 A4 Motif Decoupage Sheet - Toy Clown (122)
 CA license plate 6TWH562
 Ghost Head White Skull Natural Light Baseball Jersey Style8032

------------------------------------------------------------

EXERCISE REQUIREMENTS: With nothing left out, output the whole listing exactly.

TASK RESPONSE:
 A4 Motif Decoupage Sheet - Toy Clown (122)
 CA license plate 6TWH562
 Ghost Head White Skull Natural Light Baseball Jersey Style8032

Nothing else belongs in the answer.